=== Data for the task ===

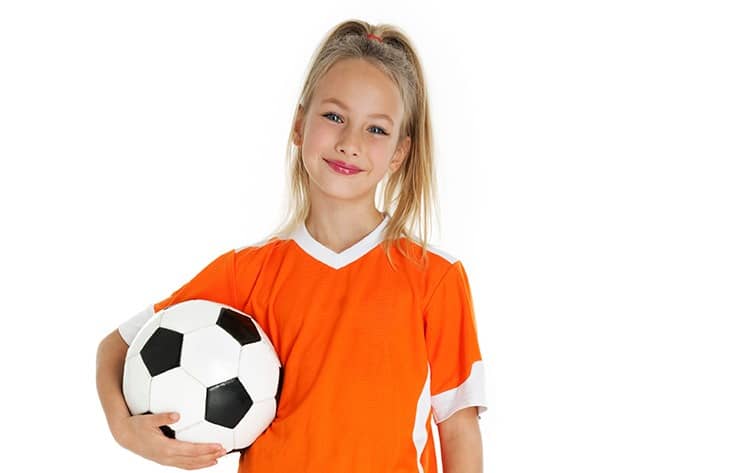 sports girl with soccer ball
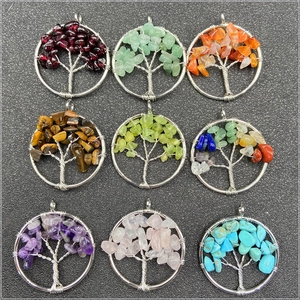 Macro shot of nine different natural crystal tree of life pendants in silver wire wrap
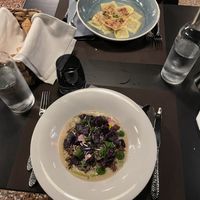 Crema di cannellini, semi di canapa, olio alla menta, quinoa, gel di bieta e polvere di cappero / Raviolo con la barbabietola, perle di tapioca e riduzione di agrumi  at Caffè Tomaso in Udine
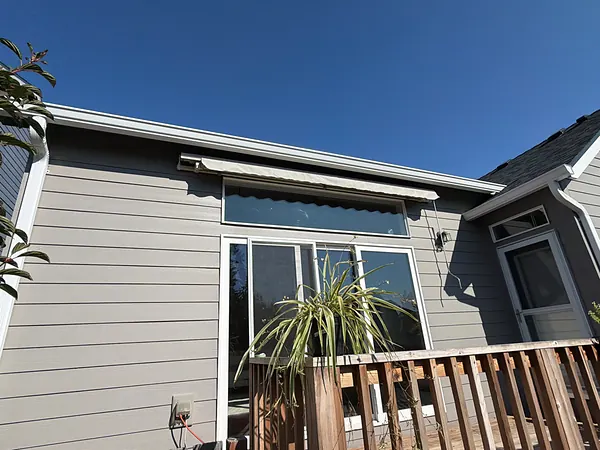 Back of a gray St. Helens home with white seamless gutters and downspouts above a sliding door and wood deck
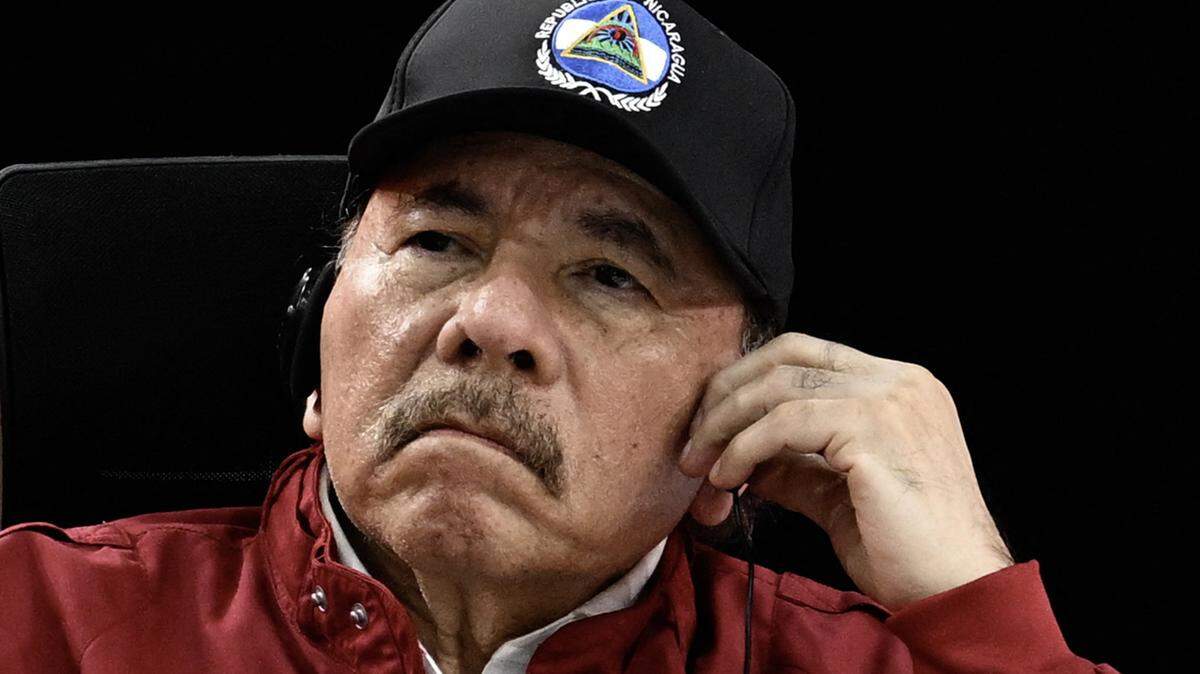 Nicaragua's President Daniel Ortega looks on during the opening session of the XXIV ALBA-TCP Summit in Caracas on December 14, 2024. The Bolivarian Alliance for the Peoples of Our America (ALBA) celebrates its 20th anniversary in a regional context where its influence is increasingly diminishing. The summit, originally planned in Havana where the founding document was signed, was moved to the Venezuelan capital at the peak of an economic crisis that is hitting Cuba. (Photo by Juan BARRETO / AFP) (Photo by JUAN BARRETO/AFP via Getty Images)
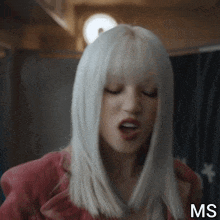 a woman with white hair is wearing a pink jacket and making a funny face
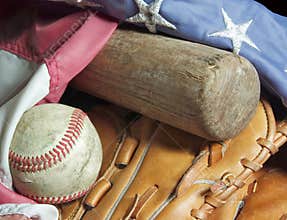 Old baseball bat, mitt, ball and flag.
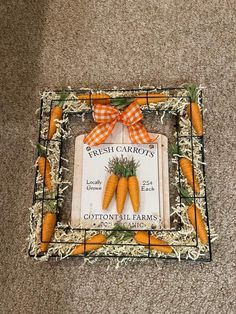 an orange carrot frame with a ribbon on it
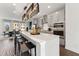 Modern kitchen with large island, stainless steel appliances, and seating for four, perfect for entertaining at 10518 Pleasant Branch Dr # 33, Raleigh, NC 27614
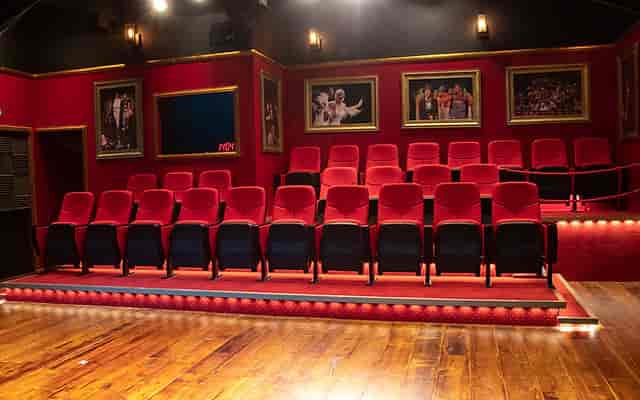 Intimate performing arts theater with red seating, ideal for workshops and presentations.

===

▶ Work request: Please set down the records above verbatim, with each picture left out.

▶ Expected answer:
 sports girl with soccer ball
 Macro shot of nine different natural crystal tree of life pendants in silver wire wrap
 Crema di cannellini, semi di canapa, olio alla menta, quinoa, gel di bieta e polvere di cappero / Raviolo con la barbabietola, perle di tapioca e riduzione di agrumi  at Caffè Tomaso in Udine
 Back of a gray St. Helens home with white seamless gutters and downspouts above a sliding door and wood deck
 Nicaragua's President Daniel Ortega looks on during the opening session of the XXIV ALBA-TCP Summit in Caracas on December 14, 2024. The Bolivarian Alliance for the Peoples of Our America (ALBA) celebrates its 20th anniversary in a regional context where its influence is increasingly diminishing. The summit, originally planned in Havana where the founding document was signed, was moved to the Venezuelan capital at the peak of an economic crisis that is hitting Cuba. (Photo by Juan BARRETO / AFP) (Photo by JUAN BARRETO/AFP via Getty Images)
 a woman with white hair is wearing a pink jacket and making a funny face
 Old baseball bat, mitt, ball and flag.
 an orange carrot frame with a ribbon on it
 Modern kitchen with large island, stainless steel appliances, and seating for four, perfect for entertaining at 10518 Pleasant Branch Dr # 33, Raleigh, NC 27614
 Intimate performing arts theater with red seating, ideal for workshops and presentations.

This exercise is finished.